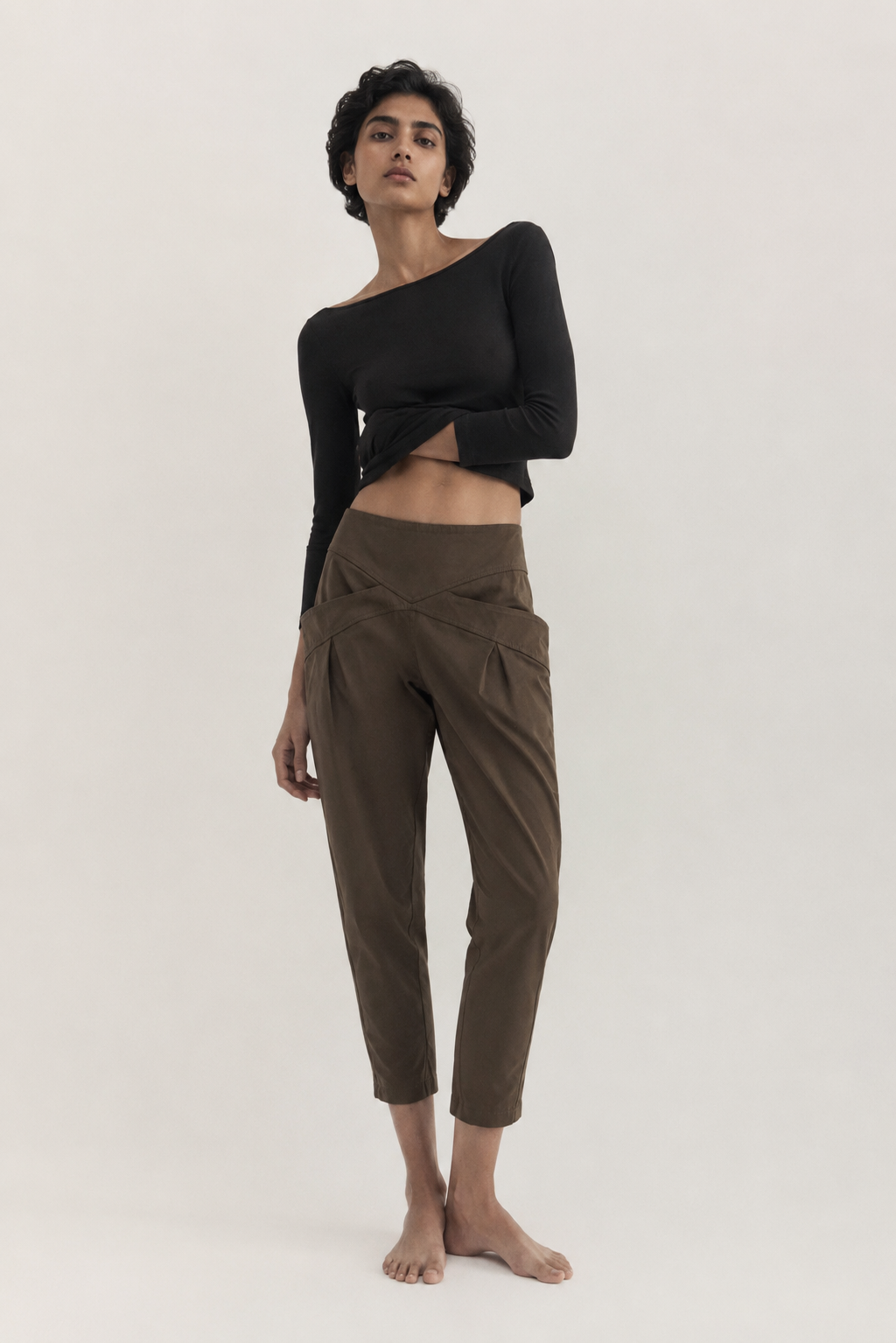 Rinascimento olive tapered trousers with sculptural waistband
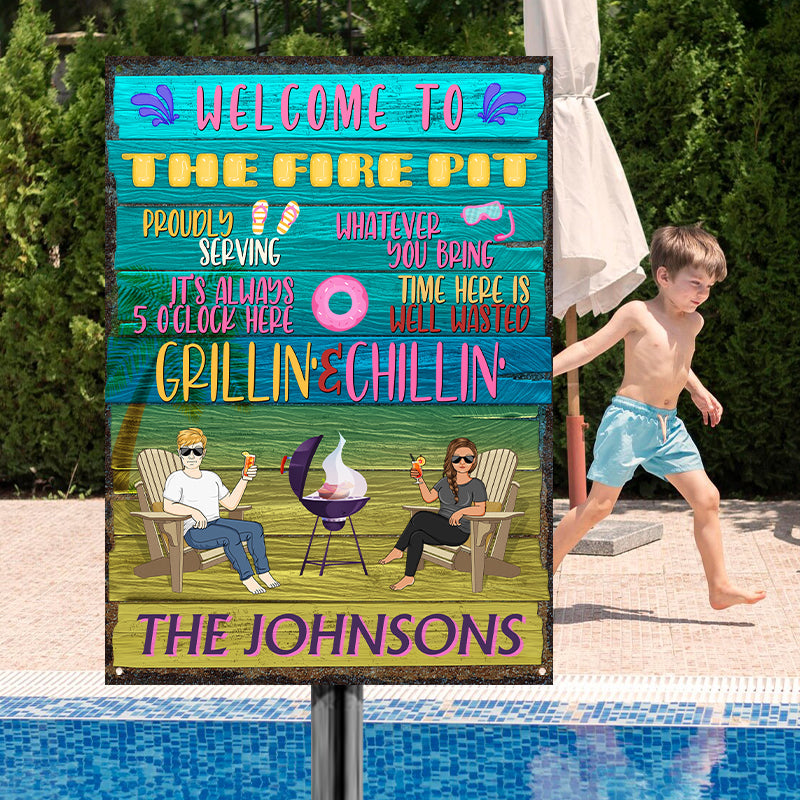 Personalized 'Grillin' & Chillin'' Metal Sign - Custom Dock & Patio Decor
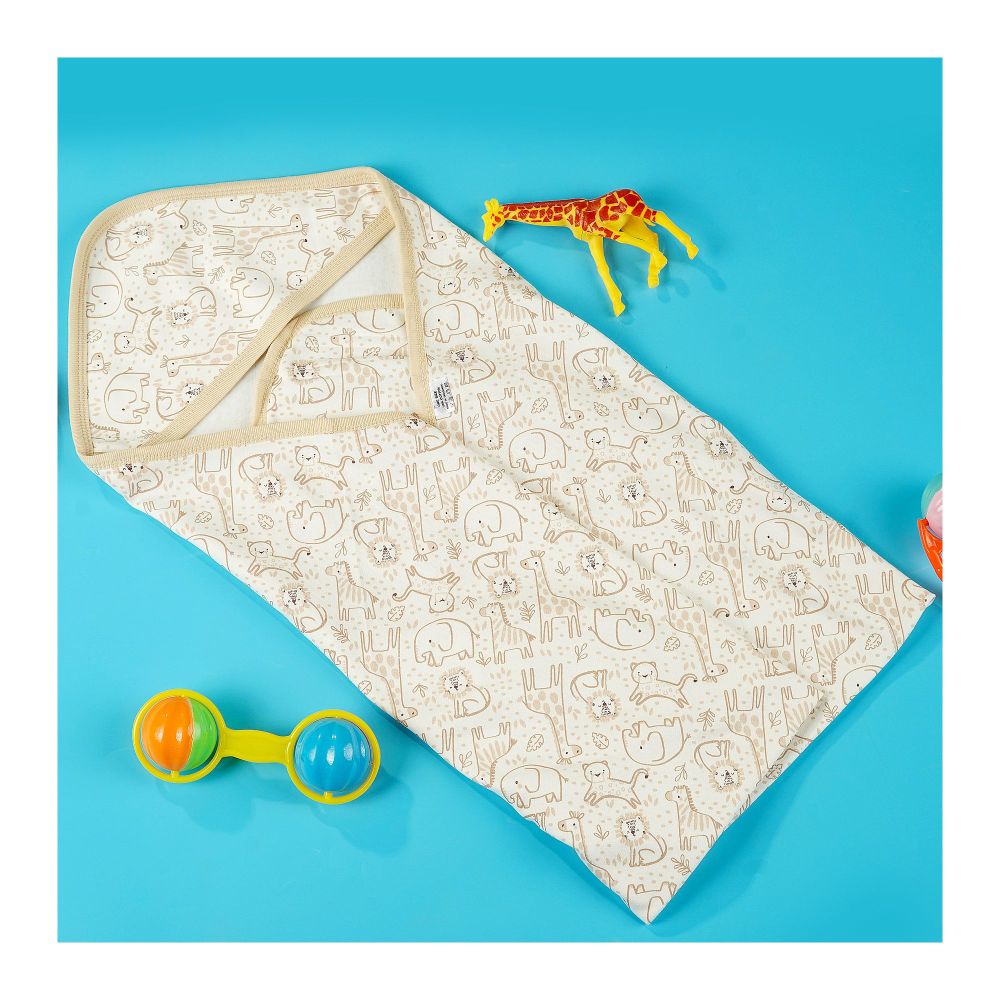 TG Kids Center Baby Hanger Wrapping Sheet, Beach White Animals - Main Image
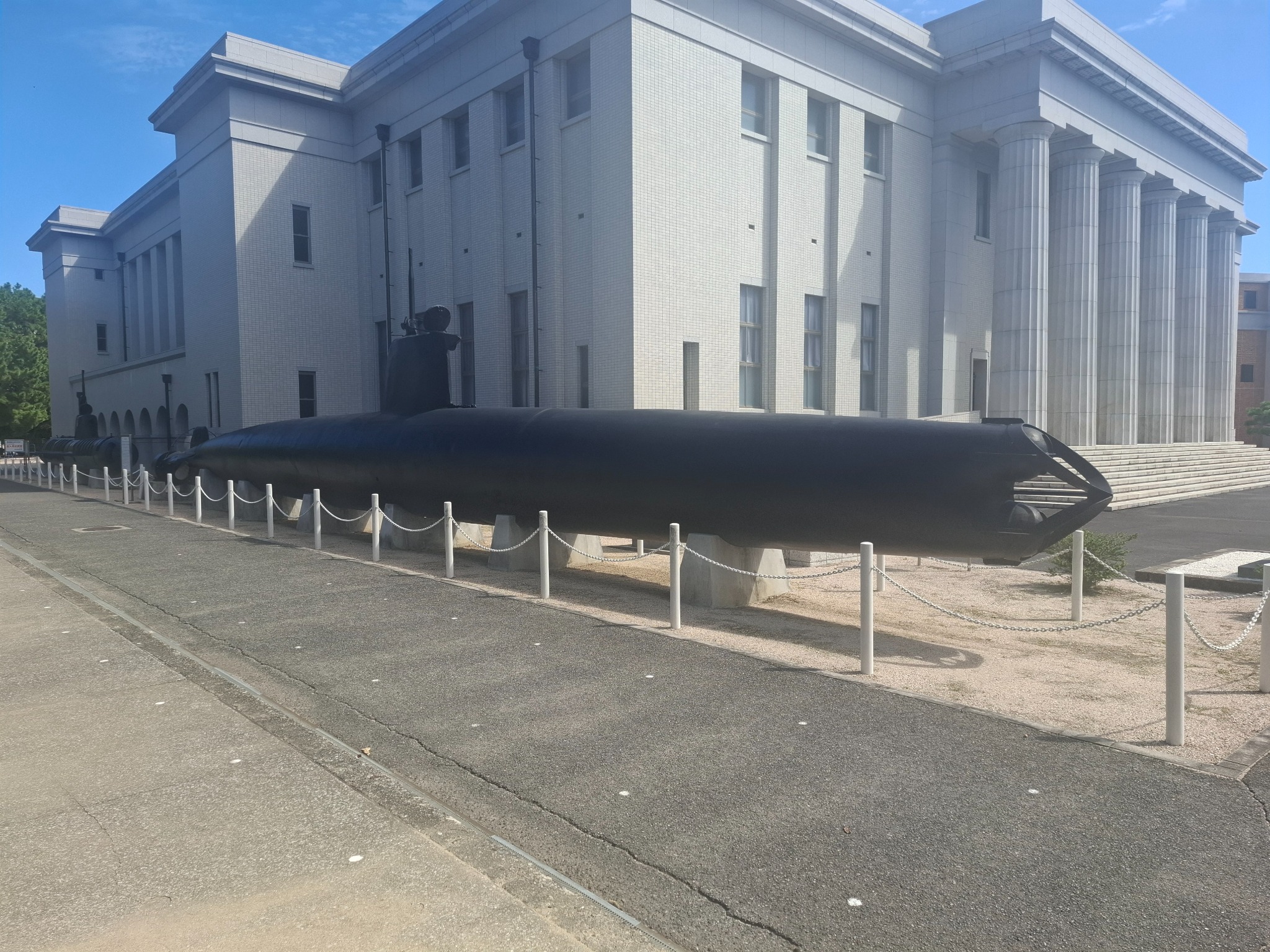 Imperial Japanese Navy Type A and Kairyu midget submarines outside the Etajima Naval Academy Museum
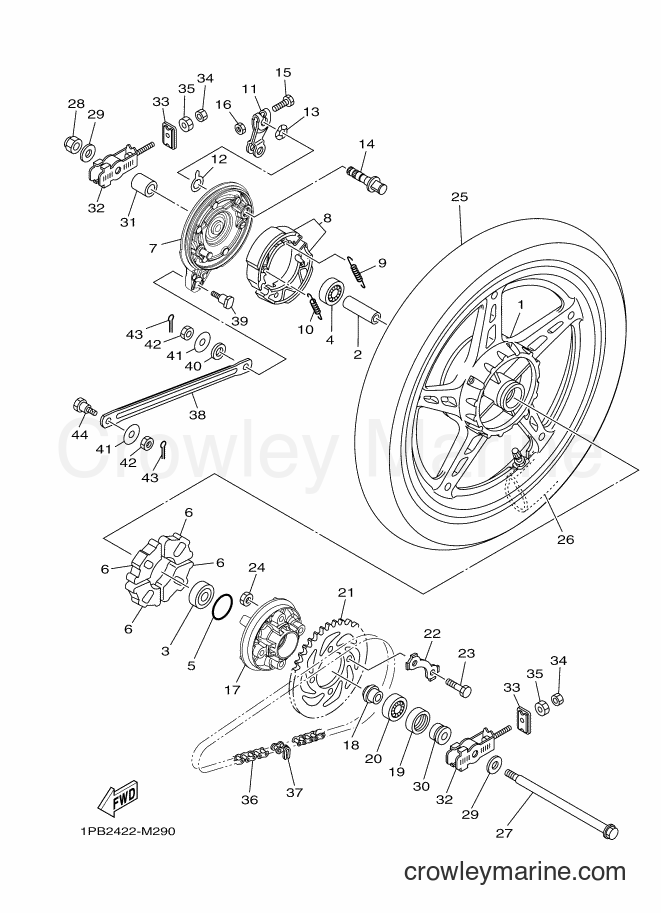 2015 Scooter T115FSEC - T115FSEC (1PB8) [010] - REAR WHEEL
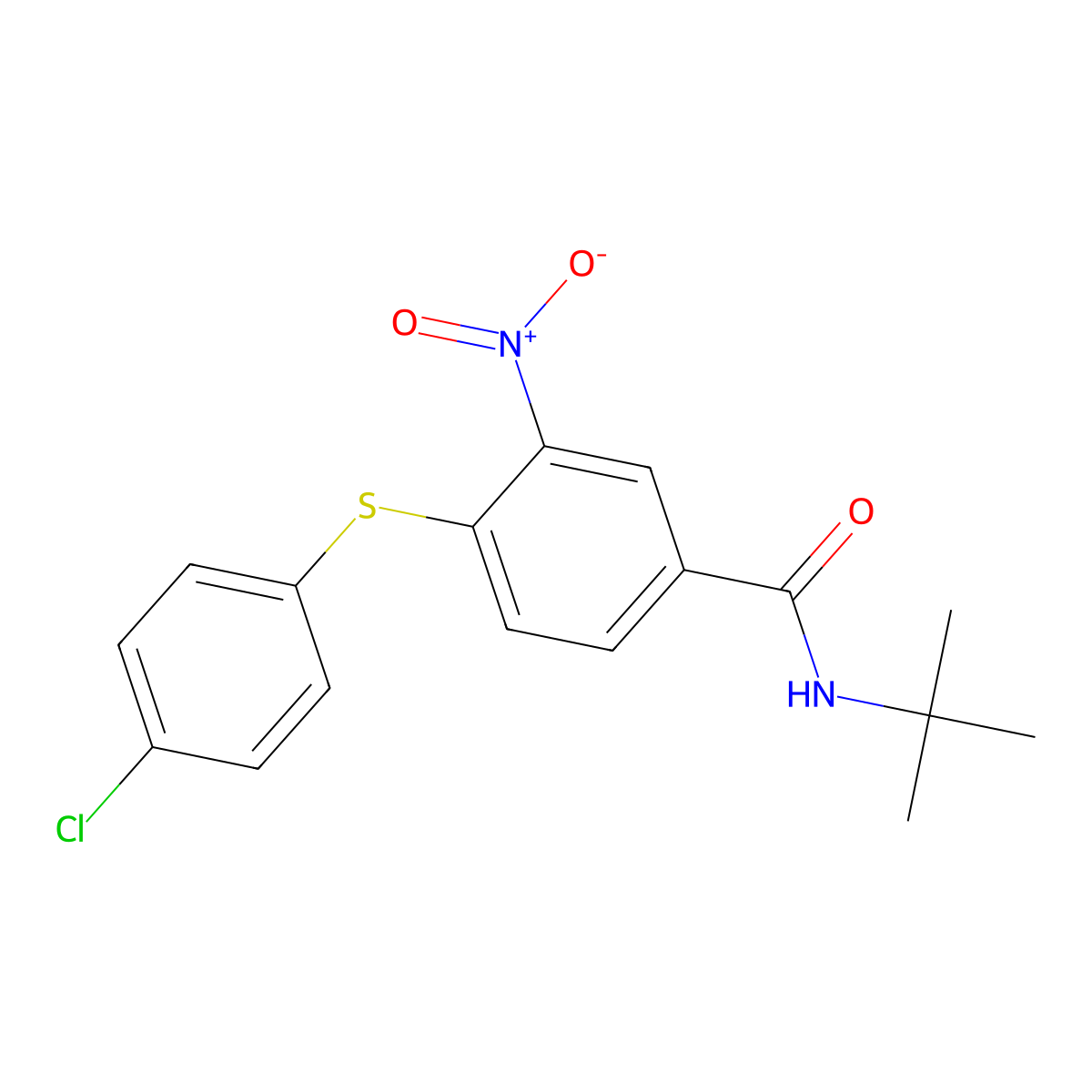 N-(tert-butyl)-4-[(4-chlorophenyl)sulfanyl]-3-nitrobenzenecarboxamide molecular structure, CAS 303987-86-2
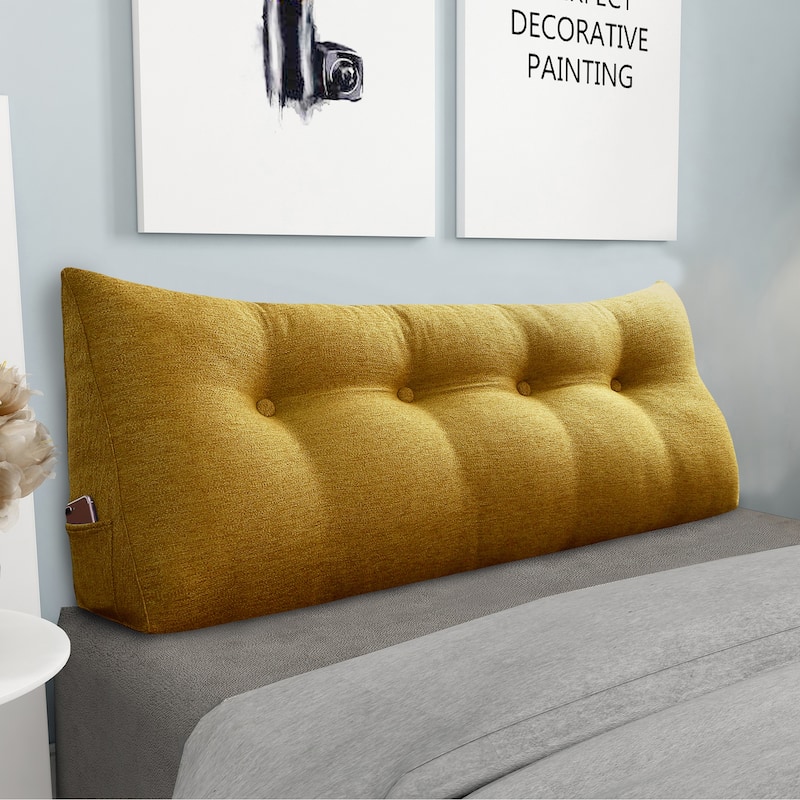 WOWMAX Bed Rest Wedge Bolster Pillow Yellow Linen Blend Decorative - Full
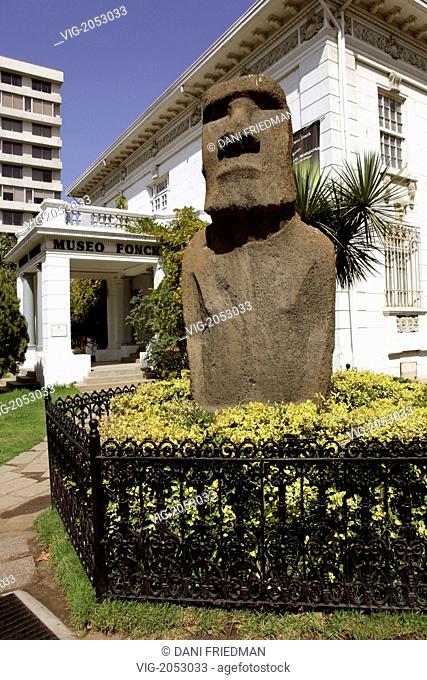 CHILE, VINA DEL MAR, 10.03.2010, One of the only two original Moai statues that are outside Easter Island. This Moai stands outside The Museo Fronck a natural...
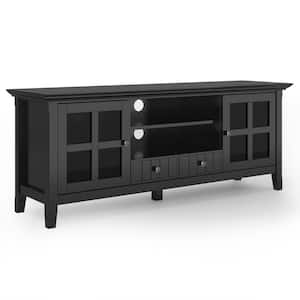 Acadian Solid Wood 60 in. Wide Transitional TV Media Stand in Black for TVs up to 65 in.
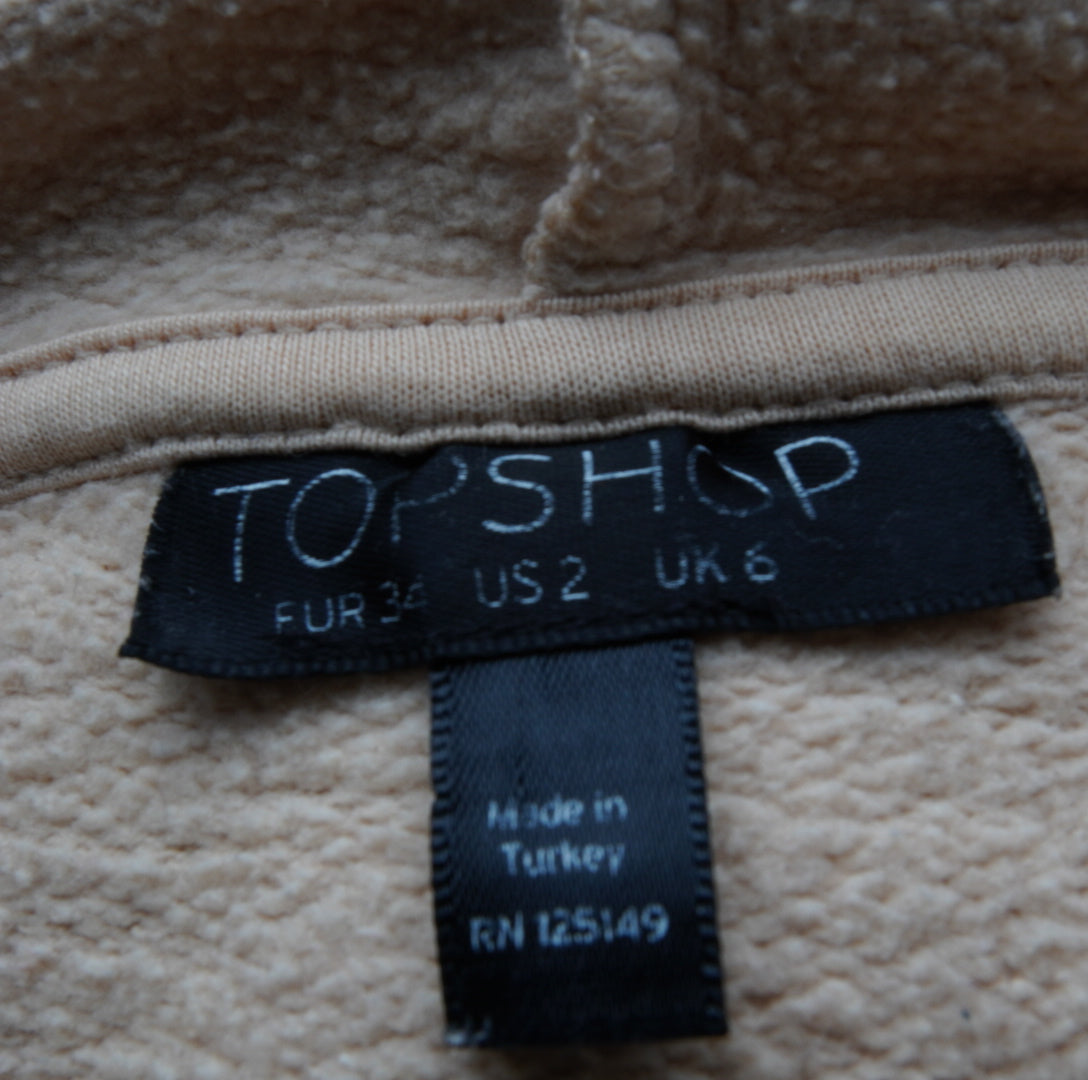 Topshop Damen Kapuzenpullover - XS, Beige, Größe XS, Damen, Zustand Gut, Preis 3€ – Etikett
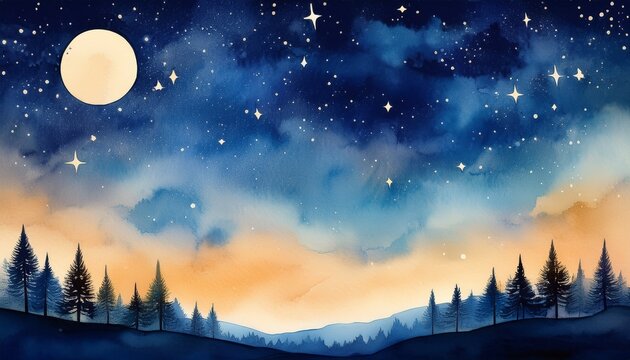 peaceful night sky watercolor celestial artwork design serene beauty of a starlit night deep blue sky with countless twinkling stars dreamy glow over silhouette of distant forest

_Work to be completed_
Using the listing above, reproduce word for word every line from the one containing "Acadian Solid Wood" through the one containing "Topshop Damen Kapuzenpullover". Pictures must be left out.

_Written answer_
 Acadian Solid Wood 60 in. Wide Transitional TV Media Stand in Black for TVs up to 65 in.
 Topshop Damen Kapuzenpullover - XS, Beige, Größe XS, Damen, Zustand Gut, Preis 3€ – Etikett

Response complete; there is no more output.